Alan DeKok aland at deployingradius.com
Tue May 8 18:21:04 CEST 2007


Claudiu Filip wrote:
> That is a good idea, but on most applications where a "state machine"
> was critical, users solved the problem by using a database.

  Which won't handle 100 DB lookups per packet.  That's why main memory
is used: fast access to necessary configuration information.

> FR has the possibility to change those 1000 users without restarting
> everything.

  Because it queries a database for those users.  Often only once per
request.  Maybe 2-3 times, but definitely not 10-20.  If all of the
configuration information was in a DB, it would do 100-200 DB lookups
per request.  Even if they were cached, that's still a huge load.

> We can easily grow from 1000 users to 1M users.
> Imho, the next step is to have the possibility to change radius
> clients on the fly.
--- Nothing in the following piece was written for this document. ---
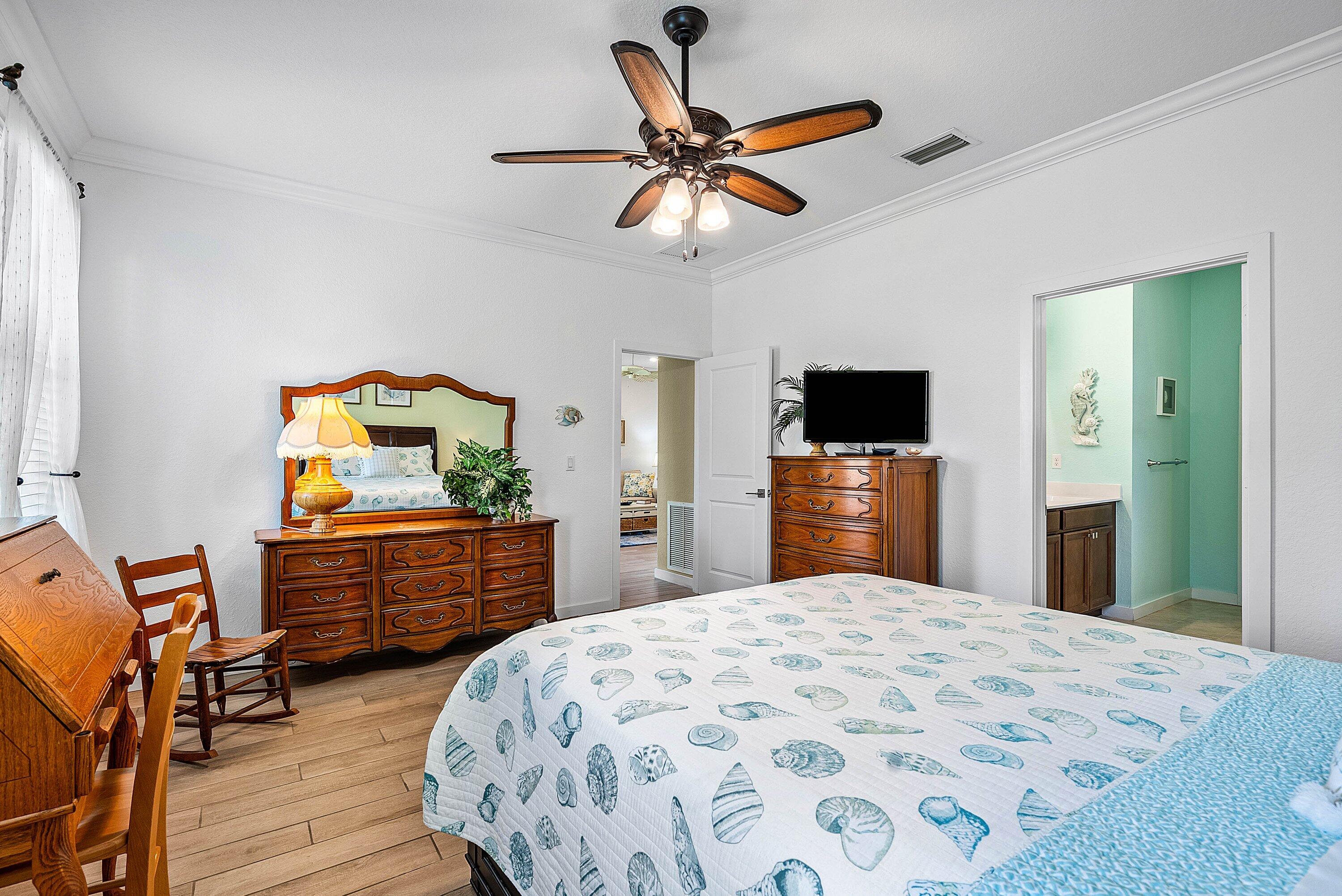 5721 SE Kawana Trail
Not only VoIP carriers or access providers want to
> manage/grow to 10k radius clients.

  I know.  That's the goal.

> If IP addresses are not so easy to compare when (re)building large lists, why
> not having a numeric ID for each client to seek faster the tree and
> change the IP address, secret, name?..
> This numeric ID can also be used for snmp requests and it will be
> natural for users running a database backend with a "serial" field.

  2.0-pre already does that for SNMP requests.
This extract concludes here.